Around this time, my parents purchased a Wii. When it first came out, the Wii was very popular with seniors and children, the people-in-the-middle being snobbish and addicted to pretty graphics and online games. But my folks went ahead and gave it a try.
Wii Fit, Wii Fit Plus, and Marble Saga (one of the games using their balance board) are great for working on balance. Plus, they’re fun and easy to use. Finally, they’re video games. What child doesn’t love video games?
These games really do work on balance, too… it’s not just advertising.
In the games, the player stands on a board (see above), which measures how that person is standing, leaning, whatever. The game responds to small changes in body posture, so that, for example, a tightrope walker can lean dangerously far in one direction as the person leans too far in the same direction. And then correct himself – whew, without falling – as the person adjusts.
We’ve had our Wii now for about two years. And we love it.

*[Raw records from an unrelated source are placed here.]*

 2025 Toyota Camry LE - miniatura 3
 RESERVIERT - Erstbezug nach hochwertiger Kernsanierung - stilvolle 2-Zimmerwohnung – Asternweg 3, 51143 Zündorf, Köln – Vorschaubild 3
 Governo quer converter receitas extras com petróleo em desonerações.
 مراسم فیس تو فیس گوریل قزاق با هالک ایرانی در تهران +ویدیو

Granted, there are other games for the Wii that may not be so desirable. Games that are noisy, flashy, and, well, more game-ish and less about balance.

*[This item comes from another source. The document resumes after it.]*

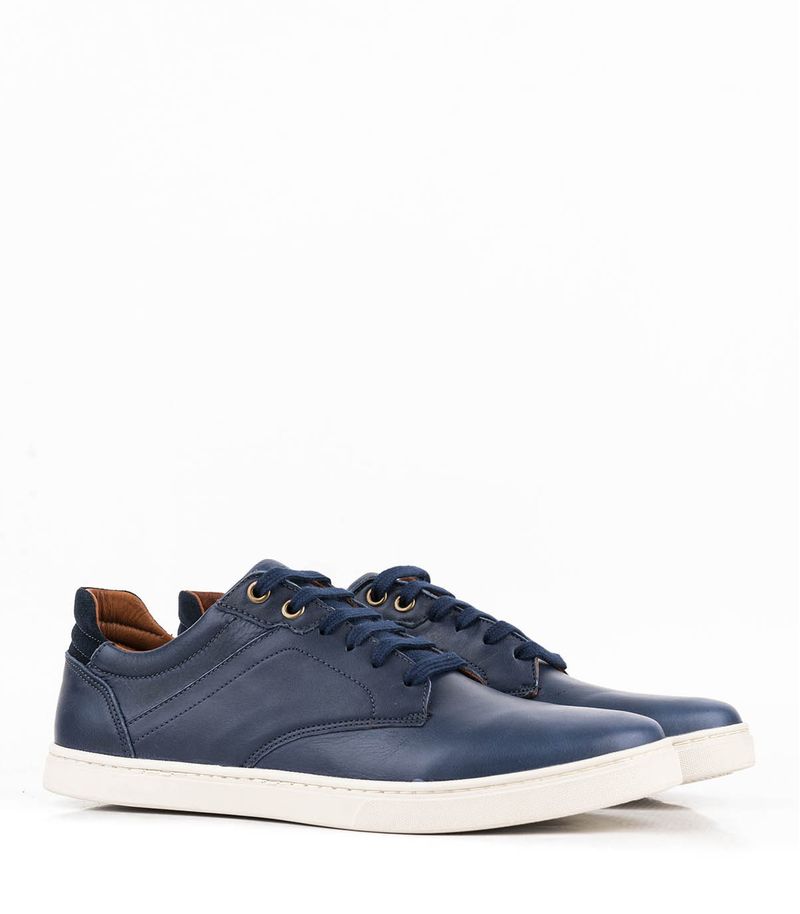 Zapatillas-urbanas-de-cuero-en-azul.jpg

So we have an arrangement with our son. If he does fifteen minutes of Wii Fit – yes, they track the minutes for you – then he can play any game he wants to.
I’ll be honest: the Wii is not cheap. However, the games are getting cheaper with age, and are more available now than previously (we had to wait a while before Wii Fit was even available locally).
However, as far as game consoles go, that was probably the best money we ever spent. And yes, I have my parents to thank for it all.